**TASK BRIEF**.
Give a faithful, exact copy of all entries, minus the images.

**RECORDS SUPPLIED**.
========
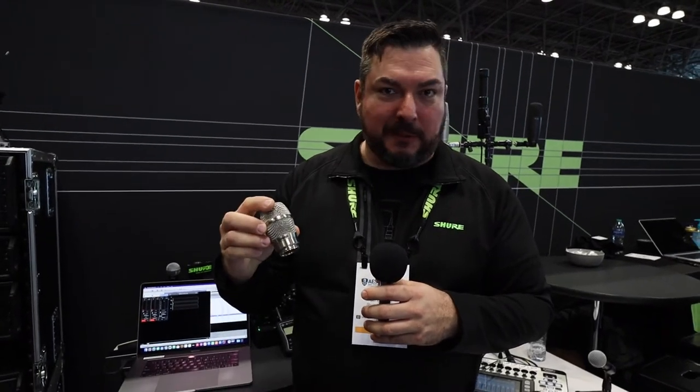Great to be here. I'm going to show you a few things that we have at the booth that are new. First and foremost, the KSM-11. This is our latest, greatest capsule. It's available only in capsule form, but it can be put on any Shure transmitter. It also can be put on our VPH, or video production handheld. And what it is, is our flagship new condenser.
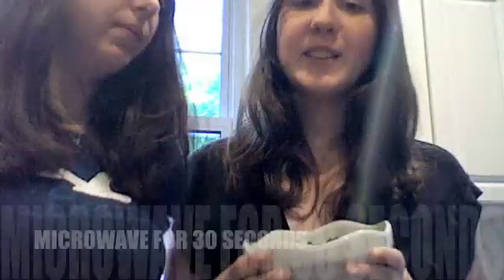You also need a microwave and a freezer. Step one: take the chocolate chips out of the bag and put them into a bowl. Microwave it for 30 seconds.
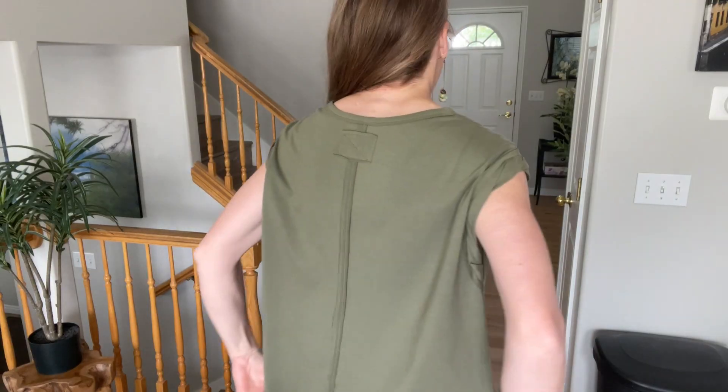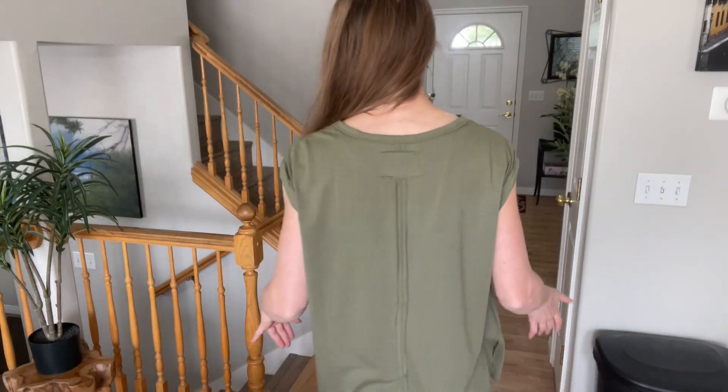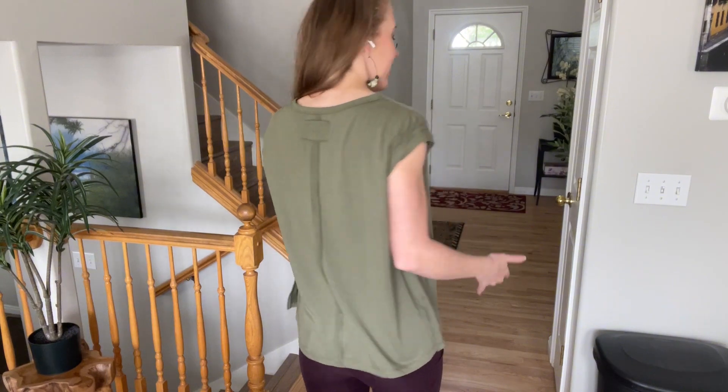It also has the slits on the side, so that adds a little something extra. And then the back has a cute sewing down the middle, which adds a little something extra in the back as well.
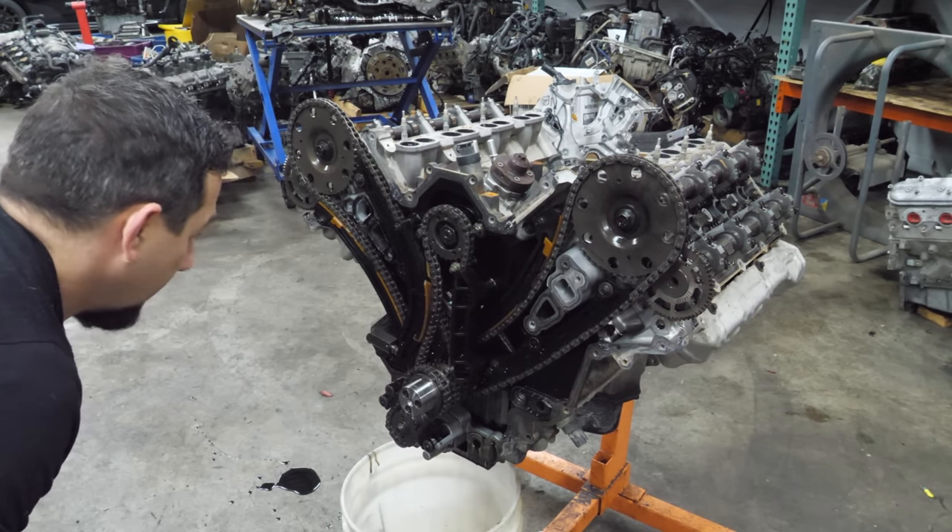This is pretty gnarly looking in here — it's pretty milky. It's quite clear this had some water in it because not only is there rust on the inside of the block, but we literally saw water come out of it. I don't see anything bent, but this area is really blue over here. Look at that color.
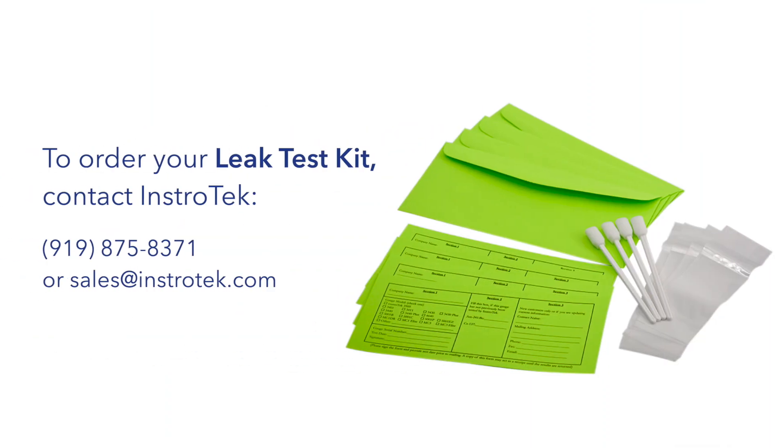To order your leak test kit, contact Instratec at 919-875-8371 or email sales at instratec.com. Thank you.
========
**SOLUTION FOR THIS TASK**.
Great to be here. I'm going to show you a few things that we have at the booth that are new. First and foremost, the KSM-11. This is our latest, greatest capsule. It's available only in capsule form, but it can be put on any Shure transmitter. It also can be put on our VPH, or video production handheld. And what it is, is our flagship new condenser.
You also need a microwave and a freezer. Step one: take the chocolate chips out of the bag and put them into a bowl. Microwave it for 30 seconds.
It also has the slits on the side, so that adds a little something extra. And then the back has a cute sewing down the middle, which adds a little something extra in the back as well.
This is pretty gnarly looking in here — it's pretty milky. It's quite clear this had some water in it because not only is there rust on the inside of the block, but we literally saw water come out of it. I don't see anything bent, but this area is really blue over here. Look at that color.
To order your leak test kit, contact Instratec at 919-875-8371 or email sales at instratec.com. Thank you.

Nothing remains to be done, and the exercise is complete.